I needed to use scalaz-streams (sstreams) for some processing but was having problems understanding wye and tee. Here's a bunch of examples that illustrate what the functions do. You can read the specs in the tests, which are quite good. I needed a place to stash notes based on my work. Hence this article. Hopefully, it helps others learn faster.

In the below examples, you need to remember that the Process is a moment-in-time capture of the state of the stream. As such, when you see a Wye or Tee object, it will be used once, but then the next process state will use another object instance. You sometimes starting wondering, at least I did, where does the object that remembers what you are doing live? Since each state carries with it enough information to generate the next state, give a suitable driver, you do not need a mutable, long lived object sticking around that runs only that process step. It has taken me awhile to get used to this abstraction.

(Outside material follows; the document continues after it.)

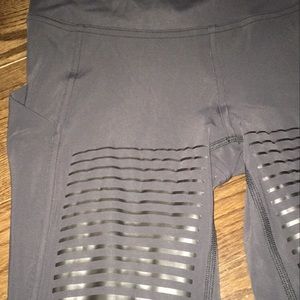 lululemon Rogue Renegade 7/8 Tight, SHR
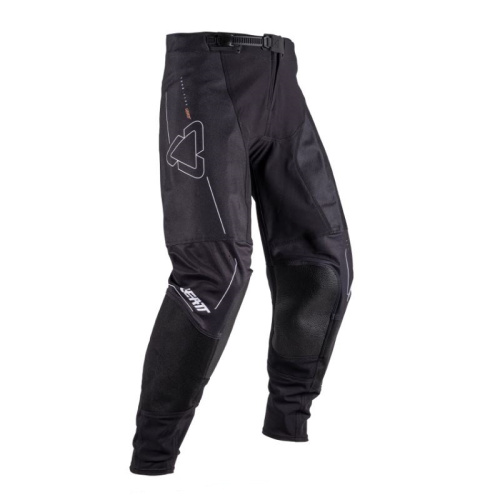 Leatt штаны Moto 4.5 V26 Black в Кемерове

It feels alittle like the difference between the Euler vs. Lagrangian reference system in fluid dynamics.

Wye

You need to remember that a wye joins the output of two processes non-deterministically. What does this mean? Non-deterministically means that the outputs do not just come from the right side or just the left side or have a pre-scribed rule about which side, e.g. bounces between left and right and back again, to emit values.

I had trouble with the syntax at first because in the scalaz.stream scope, there is an object named wye that holds a variety of ways to create wyes. In addition, WyeOps allows processes to be turned into Wyes. But underneath the hood, WyeOps just calls the methods in the wye object. Wye is just a type that describes a Process. Like any other Process, you have to use run.run or runLog.log to run the stream interpreter and obtain results.

There are a few wye functions that are foundational to creating wye objects. Many of the functions in the wye object take another wye object so how do create the first wye to begin with? Since the wye "object" is really just an object with "static" methods for creating wyes, we use a few methods to create a wye object and use that new wye in the other methods in the wye "object." Think of it like this. The two methods create raw wyes that you use with the combinators in the wye "object" and other Processes. In the end, you really always need some type of left and right process to feed a wye because a wye combines a "left" and "right" process.

wye.merge[I] -> creates a wye that merges the two inputs
wye.either[I] -> same as wye.merge

There are a few others as well. These functions create a Wye object that implement the "merging" strategy--in this case, wye.either merges the two streams, non-deterministically, while there are values from either the left or the right. If the left runs out of values, and hence it Halts, but the right side has more values, the wye will keep outputting values from the right side. You use combinators in the wye "object" to alter this strategy. For example, you can Halt the wye if either the left or the right Halts, or just the left Halts, or just the right Halts.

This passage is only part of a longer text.